There is the other side of the coin.

We would gladly trade our $60,000 in pension incomes to be 25 and buried in debt .


----------



## ML91 (Dec 5, 2015)

OP, 

I am a 24 year old male living in Toronto. From my experience, probably 80% of the people that are 22-28 living downtown are helped by their parents SIGNIFICANTLY. A lot of my friends are wealthy, as are their friends, and their parents buy them these nice cars, pay for rent, and a lot have their parents credit cards as well. 

Majority of them even "work" for their parents


----------



## peterk (May 16, 2010)

ML91 said:


> OP,
> 
> I am a 24 year old male living in Toronto. From my experience, probably 80% of the people that are 22-28 living downtown are helped by their parents SIGNIFICANTLY. A lot of my friends are wealthy, as are their friends, and their parents buy them these nice cars, pay for rent, and a lot have their parents credit cards as well.
> 
> Majority of them even "work" for their parents


I'm sure that's also a major factor, and a scary one at that.
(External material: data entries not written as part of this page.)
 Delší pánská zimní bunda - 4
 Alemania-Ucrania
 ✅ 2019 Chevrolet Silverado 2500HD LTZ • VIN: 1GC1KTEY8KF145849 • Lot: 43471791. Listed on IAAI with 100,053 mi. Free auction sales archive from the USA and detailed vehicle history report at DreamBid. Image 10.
A lot of decay and dysfunction in our economy is being masked by the perfectly rational reaction of the boomers to bail out their floundering children. There would probably be 10-20% of 23-30 year old Canadians living in crime ridden favellas if it weren't for our parents that rescued some of us from unsuccessfully launched careers. What happens when housing prices crash, boomers are all pensioners, and the future 23 year olds have Gen X parents instead?


----------



## Rob Ford's Ghost (Mar 24, 2016)

If you're 'into' cars and recognize what you're looking at, most of the "high end" Mercs, BMWs and Audis cramming the streets of Toronto and Vancouver are typically base models. The demographic buying them are into it for the badge. Why lease a new Accord or Camry at $300 a month when you can put a couple grand down and lease a BMW 3 Series, Mercedes C-Class or Audi A4 at $399 a month instead (sarcasm)? 'Luxury' carmakers are all about leveraging their status to get the middle-class into an entry-level model at an 'affordable' lease rate these days. 


As an aside, I was in France, Italy, Greece and Israel a few months ago. I used Uber pretty extensively in the major cities. The drivers were exclusively younger North African males. Every car was a brand new C250 or 320i. The odometers were already in the 5 digits; talking to the drivers, they said they run the cars constantly, each between 2-3 drivers in a 24 hour period - it's the only way to make money, and not much at that, based on Uber's pay rates, need for new cars and demanding ratings system.


----------



## james4beach (Nov 15, 2012)

I've asked many drivers in Seattle & Portland, and they say they really don't make ANY money driving for Uber. And yes there seem to be a lot of newish, nice looking cars. Many of the drivers are hispanic, middle eastern, or african.

These drivers tell me they make better money from Lyft, which has a better payment scheme and treats their employees better. So I only use Lyft and regular taxis myself.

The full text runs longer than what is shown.